DATA FOR ANALYSIS:
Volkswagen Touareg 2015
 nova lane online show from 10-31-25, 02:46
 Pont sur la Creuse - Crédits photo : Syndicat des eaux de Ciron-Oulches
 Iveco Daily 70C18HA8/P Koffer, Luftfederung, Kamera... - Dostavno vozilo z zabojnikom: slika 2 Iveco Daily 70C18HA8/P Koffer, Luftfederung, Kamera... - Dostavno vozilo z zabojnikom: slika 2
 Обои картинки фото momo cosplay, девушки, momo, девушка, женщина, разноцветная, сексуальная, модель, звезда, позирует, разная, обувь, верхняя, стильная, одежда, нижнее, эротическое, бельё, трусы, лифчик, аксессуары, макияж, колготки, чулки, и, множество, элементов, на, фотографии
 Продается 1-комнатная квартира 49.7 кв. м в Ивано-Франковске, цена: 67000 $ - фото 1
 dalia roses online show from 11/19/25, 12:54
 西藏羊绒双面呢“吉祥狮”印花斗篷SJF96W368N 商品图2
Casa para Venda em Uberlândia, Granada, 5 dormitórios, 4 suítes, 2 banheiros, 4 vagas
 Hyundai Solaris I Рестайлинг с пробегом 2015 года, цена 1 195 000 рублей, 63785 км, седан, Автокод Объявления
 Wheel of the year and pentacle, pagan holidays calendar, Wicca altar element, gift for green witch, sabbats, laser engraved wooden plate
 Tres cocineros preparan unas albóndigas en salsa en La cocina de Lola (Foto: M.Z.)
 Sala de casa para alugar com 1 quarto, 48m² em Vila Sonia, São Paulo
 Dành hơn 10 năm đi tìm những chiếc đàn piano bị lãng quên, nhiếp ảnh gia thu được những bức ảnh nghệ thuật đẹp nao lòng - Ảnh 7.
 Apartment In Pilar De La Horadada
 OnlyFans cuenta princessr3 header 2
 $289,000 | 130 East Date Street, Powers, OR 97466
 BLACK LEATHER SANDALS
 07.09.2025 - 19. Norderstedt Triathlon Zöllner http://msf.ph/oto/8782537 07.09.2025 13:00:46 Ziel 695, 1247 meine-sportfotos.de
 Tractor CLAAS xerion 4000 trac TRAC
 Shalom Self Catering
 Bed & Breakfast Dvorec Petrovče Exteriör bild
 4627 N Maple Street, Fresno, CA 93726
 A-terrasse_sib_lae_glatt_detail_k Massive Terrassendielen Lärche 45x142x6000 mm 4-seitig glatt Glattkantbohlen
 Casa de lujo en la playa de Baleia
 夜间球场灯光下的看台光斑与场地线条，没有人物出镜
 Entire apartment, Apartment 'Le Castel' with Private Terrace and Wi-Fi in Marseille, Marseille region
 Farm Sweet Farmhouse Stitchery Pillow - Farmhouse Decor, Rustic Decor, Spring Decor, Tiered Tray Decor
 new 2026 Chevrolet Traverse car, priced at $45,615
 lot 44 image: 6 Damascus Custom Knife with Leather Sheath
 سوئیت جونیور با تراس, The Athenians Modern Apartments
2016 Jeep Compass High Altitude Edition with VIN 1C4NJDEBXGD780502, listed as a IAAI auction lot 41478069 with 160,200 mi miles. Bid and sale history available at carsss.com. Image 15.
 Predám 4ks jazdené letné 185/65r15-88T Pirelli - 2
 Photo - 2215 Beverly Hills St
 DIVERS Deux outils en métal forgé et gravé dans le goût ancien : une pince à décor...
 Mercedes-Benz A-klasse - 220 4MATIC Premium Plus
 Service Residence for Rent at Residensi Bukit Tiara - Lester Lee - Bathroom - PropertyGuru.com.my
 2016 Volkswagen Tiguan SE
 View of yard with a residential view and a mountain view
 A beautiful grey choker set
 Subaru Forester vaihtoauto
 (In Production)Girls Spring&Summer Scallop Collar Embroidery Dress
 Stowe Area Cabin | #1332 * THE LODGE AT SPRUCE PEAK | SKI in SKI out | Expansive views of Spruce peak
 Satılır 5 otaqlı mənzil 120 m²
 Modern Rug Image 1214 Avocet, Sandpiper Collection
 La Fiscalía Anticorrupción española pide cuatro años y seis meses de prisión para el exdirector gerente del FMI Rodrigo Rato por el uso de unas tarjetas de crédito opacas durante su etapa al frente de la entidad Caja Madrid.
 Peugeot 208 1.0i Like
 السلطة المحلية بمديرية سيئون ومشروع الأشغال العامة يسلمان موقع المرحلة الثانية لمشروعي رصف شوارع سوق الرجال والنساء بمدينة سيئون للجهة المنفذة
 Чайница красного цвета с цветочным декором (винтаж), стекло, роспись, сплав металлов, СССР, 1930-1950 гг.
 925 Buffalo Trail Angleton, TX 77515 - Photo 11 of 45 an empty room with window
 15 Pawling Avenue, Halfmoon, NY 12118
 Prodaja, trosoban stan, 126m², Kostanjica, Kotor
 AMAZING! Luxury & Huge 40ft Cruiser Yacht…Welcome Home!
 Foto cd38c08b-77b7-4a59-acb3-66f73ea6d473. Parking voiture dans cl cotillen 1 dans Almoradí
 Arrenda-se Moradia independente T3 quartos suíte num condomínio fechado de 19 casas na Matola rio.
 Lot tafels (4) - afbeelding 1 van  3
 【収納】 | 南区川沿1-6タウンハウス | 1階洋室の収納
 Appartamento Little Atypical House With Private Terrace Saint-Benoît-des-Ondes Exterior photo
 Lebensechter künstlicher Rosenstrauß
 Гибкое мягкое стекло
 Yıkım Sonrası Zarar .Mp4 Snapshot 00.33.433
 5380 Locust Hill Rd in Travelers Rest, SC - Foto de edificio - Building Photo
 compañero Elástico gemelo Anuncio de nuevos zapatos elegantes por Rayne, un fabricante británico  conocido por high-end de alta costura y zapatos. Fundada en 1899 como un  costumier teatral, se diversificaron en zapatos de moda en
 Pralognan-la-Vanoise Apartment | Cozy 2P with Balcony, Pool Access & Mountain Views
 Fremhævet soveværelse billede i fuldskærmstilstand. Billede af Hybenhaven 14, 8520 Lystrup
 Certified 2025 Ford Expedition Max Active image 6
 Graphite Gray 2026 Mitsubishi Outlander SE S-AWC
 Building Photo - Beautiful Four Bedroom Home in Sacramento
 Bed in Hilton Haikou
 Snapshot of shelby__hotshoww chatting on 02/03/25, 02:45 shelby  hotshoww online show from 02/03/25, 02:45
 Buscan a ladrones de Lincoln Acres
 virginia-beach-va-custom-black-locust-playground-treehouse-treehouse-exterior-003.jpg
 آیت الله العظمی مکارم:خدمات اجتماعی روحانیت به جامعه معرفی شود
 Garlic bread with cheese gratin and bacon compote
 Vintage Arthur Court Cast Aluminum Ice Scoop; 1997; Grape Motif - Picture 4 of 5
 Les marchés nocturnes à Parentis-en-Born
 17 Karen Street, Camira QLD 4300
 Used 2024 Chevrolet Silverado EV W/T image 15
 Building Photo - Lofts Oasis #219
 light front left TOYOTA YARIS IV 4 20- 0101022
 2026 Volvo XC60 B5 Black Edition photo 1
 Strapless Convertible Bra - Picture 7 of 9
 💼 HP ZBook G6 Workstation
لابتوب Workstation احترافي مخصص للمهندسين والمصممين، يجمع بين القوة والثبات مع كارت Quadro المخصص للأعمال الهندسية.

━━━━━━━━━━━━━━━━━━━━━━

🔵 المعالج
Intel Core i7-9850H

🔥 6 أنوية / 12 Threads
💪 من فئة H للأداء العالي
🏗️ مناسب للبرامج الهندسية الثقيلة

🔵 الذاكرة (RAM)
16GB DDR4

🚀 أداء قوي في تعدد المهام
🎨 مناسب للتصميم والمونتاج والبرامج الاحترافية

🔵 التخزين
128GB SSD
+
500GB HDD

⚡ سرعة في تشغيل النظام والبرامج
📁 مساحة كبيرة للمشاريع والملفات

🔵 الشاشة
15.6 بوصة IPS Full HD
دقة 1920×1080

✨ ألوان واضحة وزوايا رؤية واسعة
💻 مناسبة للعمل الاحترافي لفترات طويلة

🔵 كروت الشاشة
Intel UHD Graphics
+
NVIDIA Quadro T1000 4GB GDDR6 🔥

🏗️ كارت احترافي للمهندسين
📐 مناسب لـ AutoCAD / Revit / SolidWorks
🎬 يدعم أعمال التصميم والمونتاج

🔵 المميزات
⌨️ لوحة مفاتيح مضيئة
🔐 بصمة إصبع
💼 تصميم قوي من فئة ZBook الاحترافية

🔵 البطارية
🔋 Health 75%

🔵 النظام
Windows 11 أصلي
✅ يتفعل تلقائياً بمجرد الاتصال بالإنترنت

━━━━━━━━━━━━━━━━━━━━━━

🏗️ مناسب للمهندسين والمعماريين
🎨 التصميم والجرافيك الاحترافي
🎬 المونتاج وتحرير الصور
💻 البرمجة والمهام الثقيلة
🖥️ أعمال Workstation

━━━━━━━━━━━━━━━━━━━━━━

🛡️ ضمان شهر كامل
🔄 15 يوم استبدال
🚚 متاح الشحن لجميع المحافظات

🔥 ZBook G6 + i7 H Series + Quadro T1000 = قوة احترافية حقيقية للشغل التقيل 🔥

WORK TO COMPLETE: Exactly the lines above from the one with "Hyundai Solaris I" to the one with "夜间球场灯光下的看台光斑与场地线条，没有人物出镜", both included, are to be quoted; leave the rest out.

ANSWER FOR THIS EXERCISE:
 Hyundai Solaris I Рестайлинг с пробегом 2015 года, цена 1 195 000 рублей, 63785 км, седан, Автокод Объявления
 Wheel of the year and pentacle, pagan holidays calendar, Wicca altar element, gift for green witch, sabbats, laser engraved wooden plate
 Tres cocineros preparan unas albóndigas en salsa en La cocina de Lola (Foto: M.Z.)
 Sala de casa para alugar com 1 quarto, 48m² em Vila Sonia, São Paulo
 Dành hơn 10 năm đi tìm những chiếc đàn piano bị lãng quên, nhiếp ảnh gia thu được những bức ảnh nghệ thuật đẹp nao lòng - Ảnh 7.
 Apartment In Pilar De La Horadada
 OnlyFans cuenta princessr3 header 2
 $289,000 | 130 East Date Street, Powers, OR 97466
 BLACK LEATHER SANDALS
 07.09.2025 - 19. Norderstedt Triathlon Zöllner http://msf.ph/oto/8782537 07.09.2025 13:00:46 Ziel 695, 1247 meine-sportfotos.de
 Tractor CLAAS xerion 4000 trac TRAC
 Shalom Self Catering
 Bed & Breakfast Dvorec Petrovče Exteriör bild
 4627 N Maple Street, Fresno, CA 93726
 A-terrasse_sib_lae_glatt_detail_k Massive Terrassendielen Lärche 45x142x6000 mm 4-seitig glatt Glattkantbohlen
 Casa de lujo en la playa de Baleia
 夜间球场灯光下的看台光斑与场地线条，没有人物出镜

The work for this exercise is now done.